There was no merit in this good nature, as it prevented him from coming to a firm decision; it was nothing but moral laxity, making him incapable of taking up a fight which seemed more and more beyond him. He realized that he must extinguish the fire under the boilers; they would not be able to stand the pressure, as no steam was being used. He pondered over Struve’s advice, and brooded until his mind was chaos in which truth and lies, right and wrong, danced together in complete harmony; his brain in which, owing to his academic training, all conceptions had been so neatly pigeonholed, would soon resemble a pack of well-shuffled cards.

He succeeded beyond expectation in working himself into a state of complete indifference; he looked for fine motives in the actions of his enemies, and gradually it appeared to him that he had all along been in the wrong; he felt reconciled to the existing order of things, and ultimately came to the fine conclusion that it was quite immaterial whether the whole was black or white. Whatever was, had to be; he was not entitled to criticize it. He found this mood pleasant, it gave him a feeling of restfulness to which he had been a stranger all those years during which he had made the troubles of humanity his own.

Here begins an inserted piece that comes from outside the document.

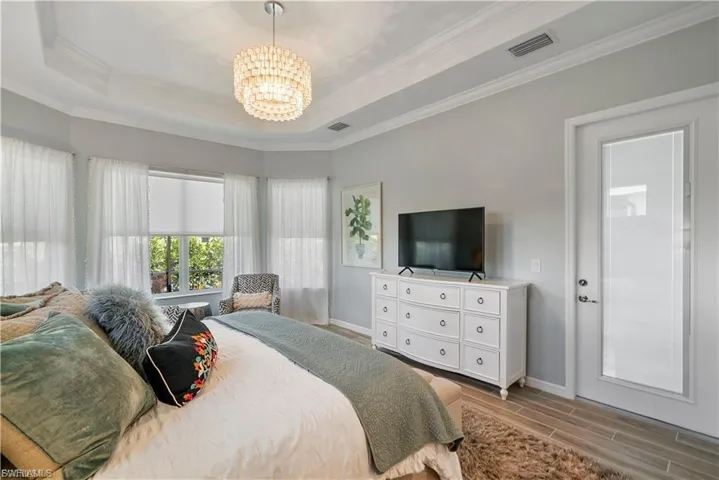Tray ceiling with crown molding, three bay windows, overhead drum chandelier, wood-look flooring, and a glass-paneled door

He was enjoying this calm and a pipe of strong tobacco, when a maid servant brought him a letter just delivered by the postman. It was from Olle Montanus and very long. Parts of it seemed to impress Falk greatly.

My dear fellow, [it ran,]

Although Lundell and I have now finished our work and will soon be back in Stockholm, I yet feel the need of writing down my impressions, because they have been of great importance to myself and my spiritual development. I have come to a conclusion, and I am as full of amazement as a chicken which has just been hatched, and stares at the world with its newly opened eyes, trampling on the eggshell which had shut out the light for so long. The conclusion, of course, is not a new one; Plato propounded it before Christianity was: the world, the visible world, is but a delusion, the reflection of the ideas; that is to say, reality is something low, insignificant, secondary and accidental. Yes! but I will proceed synthetically, begin with the particular and pass on from it to the general.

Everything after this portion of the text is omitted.